Tuesday, December 13, 2011

When Al Smith ran for president...

...in 1928 my parents were only nine years old. In a previous post I referenced an opinion piece in the Times, "When a Catholic Terrified the Heartland," that included this paragraph (my emphasis):

The response to [Smith's religion] was public and private, during a campaign that lasted only two months, from September to November. Yet feelings were so strong that they swirled into a hurricane of abuse, a crescendo of fear and hate blasting through eight weeks. The school board of Daytona Beach, Fla., sent a note home with every student. It read simply: “We must prevent the election of Alfred E. Smith to the Presidency. If he is elected President, you will not be allowed to have or read a Bible.” * Fliers informed voters that if Smith took the White House, all Protestant marriages would be annulled, their offspring rendered illegitimate on the spot.

While my mother grew up in the Austin neighborhood of Chicago, on the city's far West Side, my father lived about two miles away, in suburban Oak Park.

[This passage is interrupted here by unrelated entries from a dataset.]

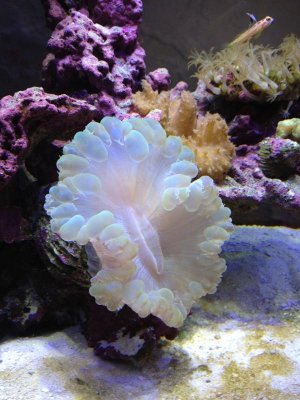 IMG_1549.jpg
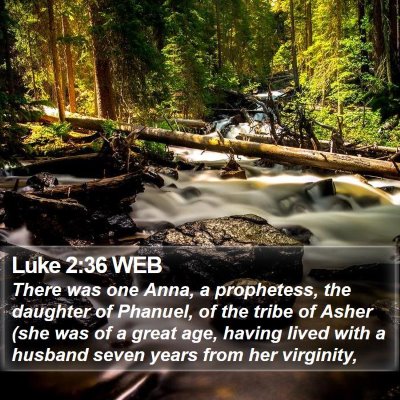 Luke 2:36 WEB Bible Verse Image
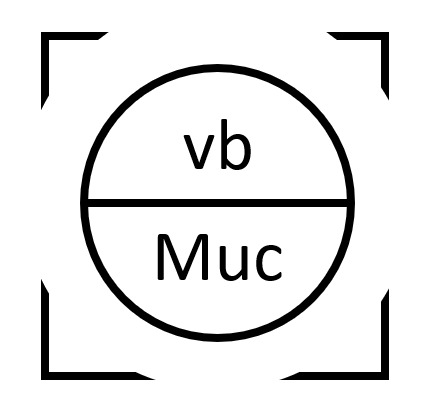 Logo Victor Bachmann Fotografie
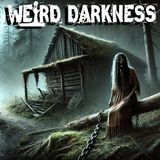 “SOMETHING WATCHES FROM THE TREES: True Paranormal Encounters In The Wilderness” #WeirdDarkness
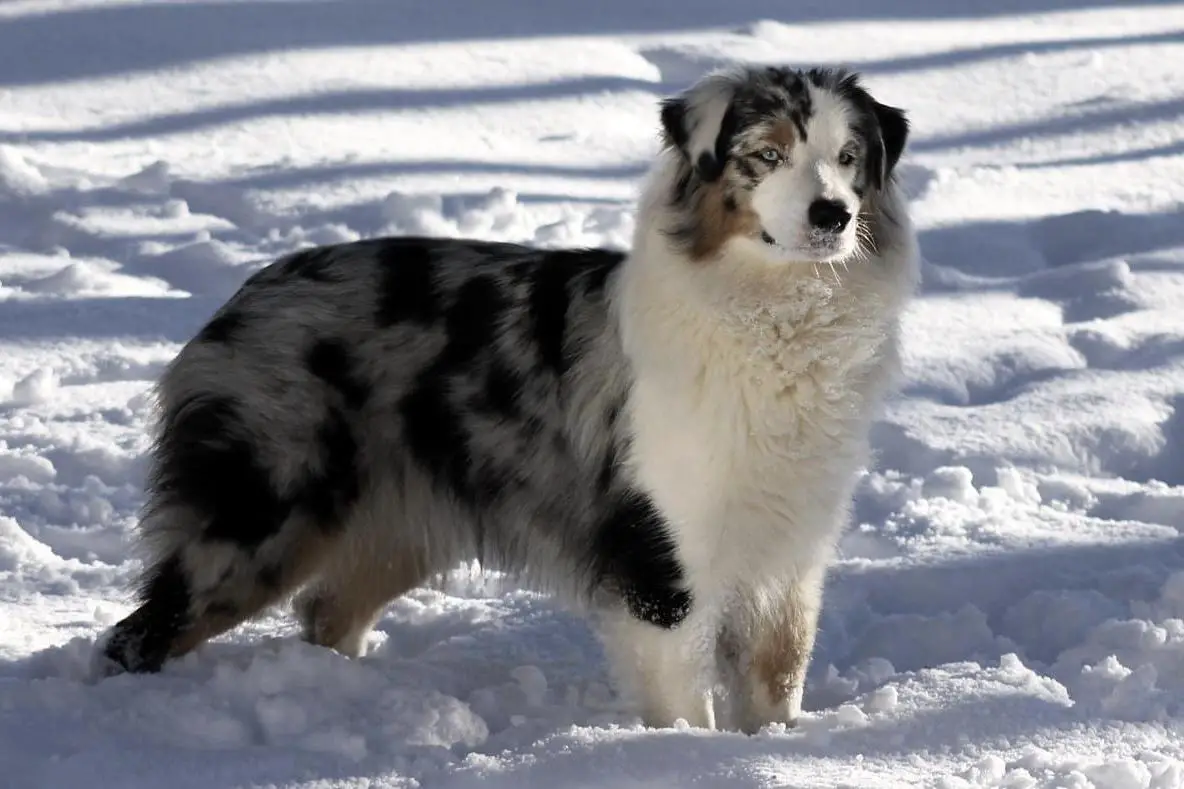 AKC/ASCA/UKC GRCH BPIS ScarletOak CopperRidge HideNSeek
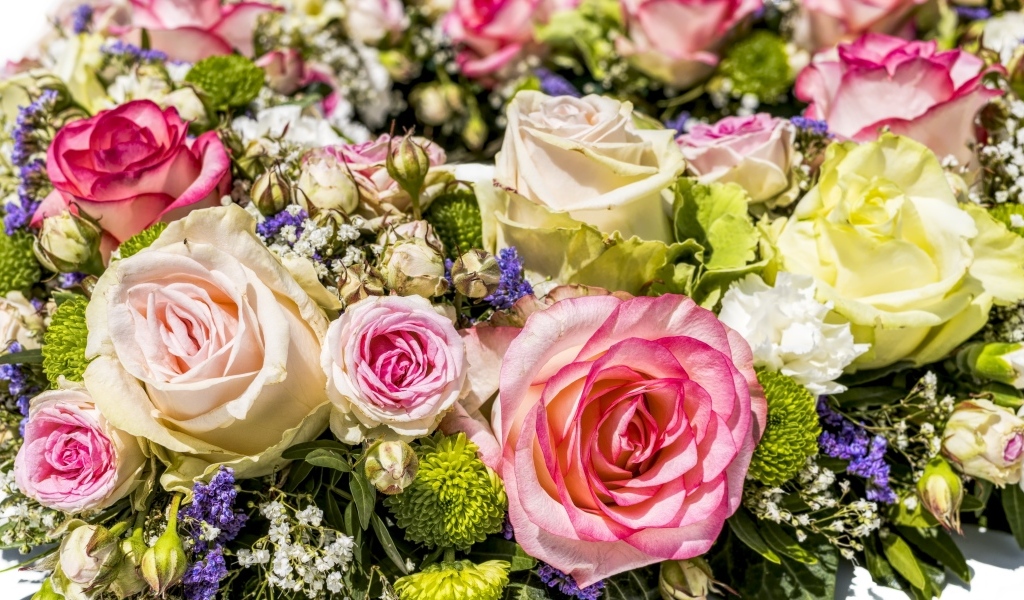 Нежные розы и цветы гипсофилы крупным планом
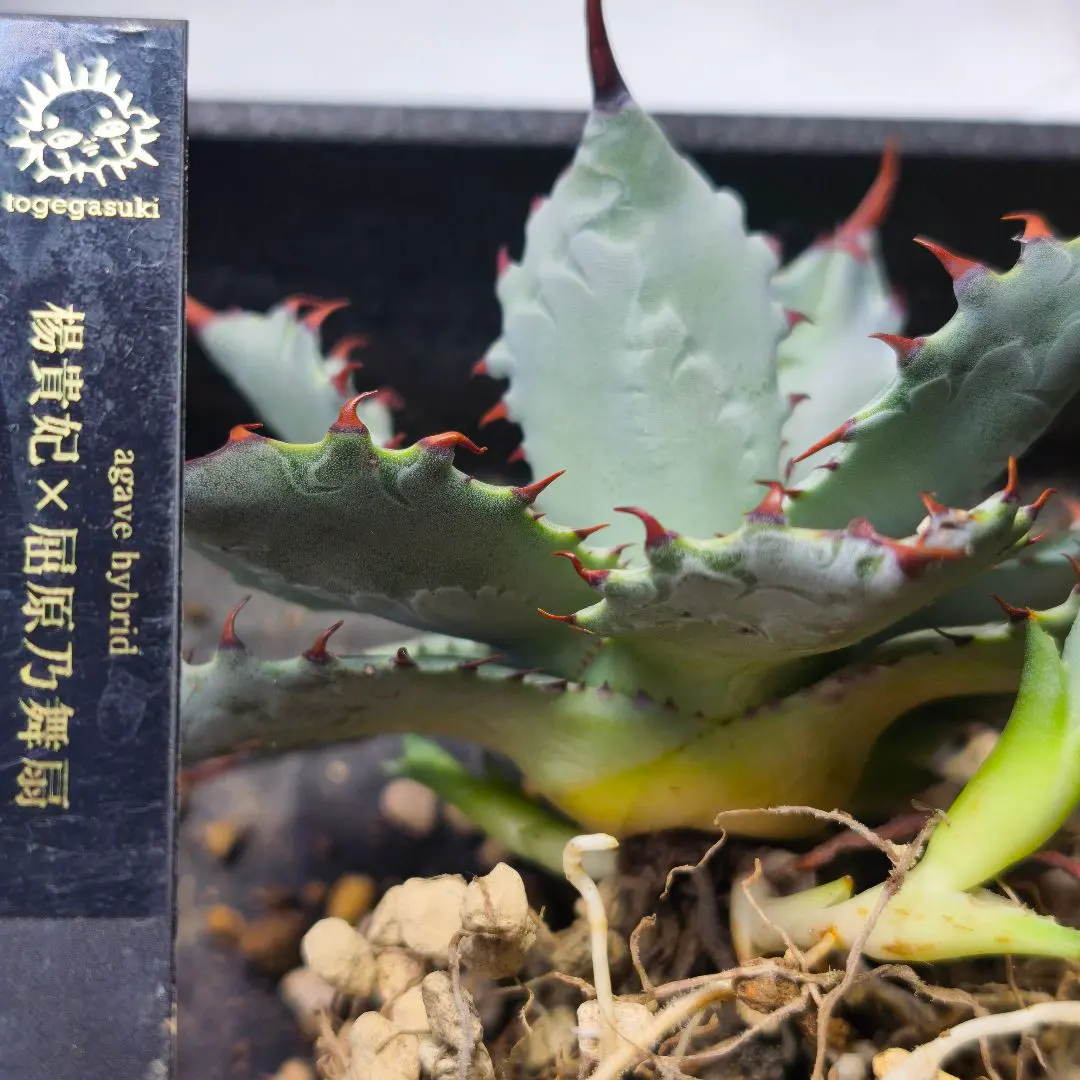 2026年最新】楊貴妃 アガベの人気アイテム - メルカリ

The village was once described by one of its most famous residents, Ernest Hemingway, as a place of "broad lawns and narrow minds." And I imagine that was true when the future novelist was growing up in the first two decades of the twentieth century. I picture Oak Park as a very proper -- and Protestant -- town, far removed from the city and its vices. The village was dry in those days, of course; the residents were much more given to "ice cream socials," that uniquely Protestant creation.

And this raises one of the first big differences between Protestants and Catholics: while the former usually treated drinking as a (very private) weakness, the latter accepted even heavy public drinking as a matter-of-fact part of daily life. (Except for my father's mother, who didn't allow drinking in the home. More on that later.)

Another famous resident of Oak Park, Frank Lloyd Wright, once said his community had "So many churches for so many good people to go to." (I think the architect was being a little sarcastic. And where did he get that syntax?) Wright was no doubt referring to mainline Protestant churches, like the Presbyterian, Congregationalist, Methodist and Episcopal.

But by the time my father was nine, in 1928, there were three Catholic churches in Oak Park: Ascension, St. Edmund's and the newly-formed St. Giles. (There were also two in nearby River Forest: St. Luke's and St. Vincent Ferrer.) Surely Catholics were becoming more interwoven in the fabric of America. Well, not so fast. The paragraph above mentions the "school board" of Daytona Beach, Florida. What about the separation of church and state we've come to accept about America and its schools? Prior to the 1960s, there was no separation of church and state, at least not in the public schools. The United States was a Christian country, a Protestant one, and the schools reflected that. So did my parents experience anti-Catholic bigotry in their classrooms? No, they attended the local parish schools. (In my father's case, it was Ascension.) Why? Well, it was a chicken-and-egg kind of thing. The public schools, representing the greater culture, were "Protestant," so Catholics founded their own schools. Since most Catholic kids were expected to attend the local parish school, the public schools remained largely "Protestant" by default. But the effect was clear: it was "Us" vs. "Them." We didn't trust them and they didn't trust us. (My father even slipped once and referred to a public school as a "Protestant" one.)

So this was the world in which my parents grew up. (And I haven't even gotten to my mother.) To review, the United States was a predominantly Protestant country with a minority of Catholics clustered in and near the larger cities of the north. There was a great deal of mistrust on both sides, but -- since this is about my family -- my parents grew up feeling like members of a minority. And the reaction of the country to the candidacy of Al Smith must have only reinforced that.

Next: I'm not sure what's next, but stay tuned; there's a lot of material here.

* Protestants read the Bible; Catholics followed the teachings of the clergy.